Quant aux communes nouvelles, j'aurais une formule pour les caractériser, c'est en gros la nouvelle forme de fusion de communes. Les communes nouvelles, c'est la loi Marcelin en plus pervers. Quand on sait le succès qu'a eu la loi Marcelin… mais pourquoi je dis « en plus pervers » ? Parce que là, on ferait financer par ceux qui ne veulent pas fusionner ceux qui veulent fusionner.
Donc, il y aurait à la fois ces incitations à la fusion, donc à l’évaporation de nos communes, mais aussi la pénalité financière pour ceux qui veulent garder une identité communale.
Je crois que c'est une démarche qui n'est pas acceptable, et aussi bien à travers des métropoles qu'à travers les communes nouvelles. C'est une machine à broyer les communes qu'on veut mettre en place, je ne l’accepte pas et j'espère que vous non plus.

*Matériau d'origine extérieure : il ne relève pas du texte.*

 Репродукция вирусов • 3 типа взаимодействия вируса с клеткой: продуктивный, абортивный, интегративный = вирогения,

J'ajouterai un mot sur la loi sur le Grand Paris. Cela ne concerne pas la majorité d’entre nous, mais ce n'est pas pour cela qu'il faut s’en désintéresser. C'est absolument extraordinaire, c’est un retour en 1961. En 1961, avait été créé le district de Paris et on avait mis à sa tête un préfet de grand talent, M. DELOUVRIER. Et aujourd'hui, on veut à nouveau mettre en place un établissement public et les communes qui seraient dans ce Grand Paris n'auraient plus la compétence transport, n’auraient plus la compétence urbanisme, logement, c'est-à-dire des compétences essentielles à la vie communale. Et les régions elles-mêmes, la région elle-même serait désossée de toute une partie de ses compétences. Les départements seraient touchés. Et là, cet établissement public non seulement l'Etat s’y alloue une large majorité, mais ce sont les communes qui devraient continuer à payer.

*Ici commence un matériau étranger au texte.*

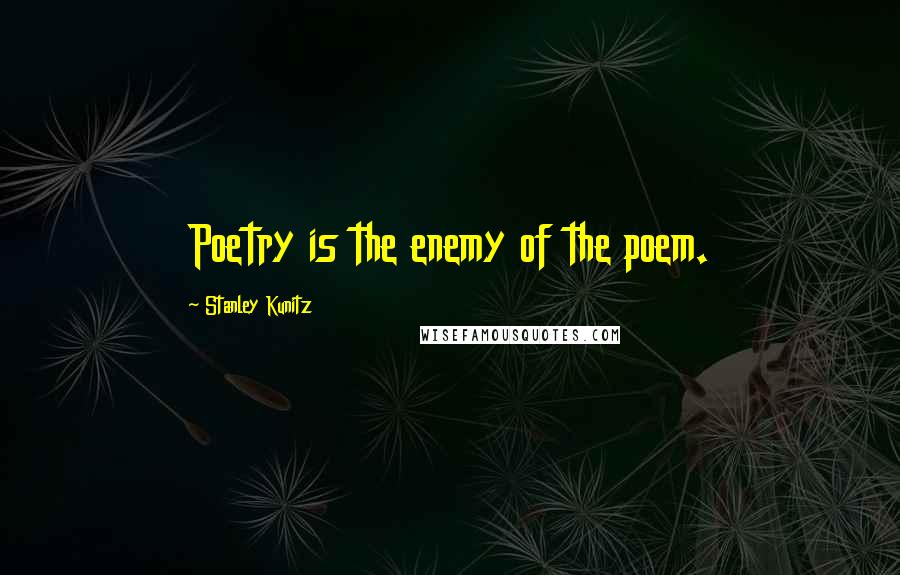 Stanley Kunitz Quotes: Poetry is the enemy of the poem.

C’est, je crois, une extraordinaire préfiguration de la recentralisation telle qu'elle est vue actuellement et qui n'est pas non plus acceptable.
J'ajouterai, mais cela a été excellemment dit par Jacqueline GOURAULT tout à l'heure, les réformes qui nous sont proposées en matière d'intercommunalité, oui, nous sommes plutôt pour qu'on termine l'intercommunalité ; en région parisienne c’est plus de 95 % des communes qui sont déjà concernées. Mais quand on dit qu’au 1er janvier 2013 ce seraient les préfets qui auraient les pleins pouvoirs, des pouvoirs exorbitants du droit commun, pour ciseaux en main décider du nouveau découpage, des futures fusions, alors je dis que là ce n'est pas acceptable.

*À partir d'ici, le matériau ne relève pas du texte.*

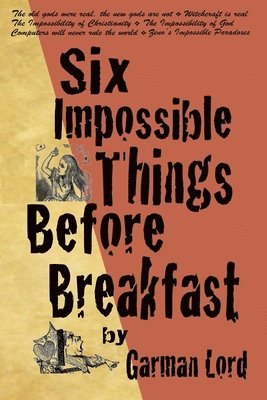 bokomslag Six Impossible Things Before Breakfast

C’est une recentralisation, c’est une volonté de réduire le nombre de communautés hors du choix de chacune et de chacun d’entre nous dans le cadre des missions qui sont les leurs. C'est la volonté que les territoires ruraux soient en particulier touchés puisqu’on met une barre artificielle : il ne pourrait plus y avoir des communautés de moins de 5 000 habitants. Mais qu'est-ce que cela veut dire par rapport à certaines de nos vallées ? Qu’est-ce que cela veut dire par rapport à certains de nos départements où les espaces sont immenses et les populations absentes ?
La vérité, et j'ai trouvé l’expression dans le Congrès des Maire ruraux, la vérité c’est qu’on veut un changement de nature de l'intercommunalité. L'intercommunalité, j’en suis convaincu, pour l’immense majorité d'entre nous, peut-être pour tous, c'est un moyen de mutualiser nos moyens, nos besoins, c'est un moyen de subvenir aux besoins de nos collectivités et faire en sorte qu'elles vivent. C’est pour les préserver, pour assurer leur avenir.
Là, la conception qu'on nous propose c'est en réalité de faire de l'intercommunalité l'antichambre de la suppression des communes et, cela, ce n'est pas acceptable.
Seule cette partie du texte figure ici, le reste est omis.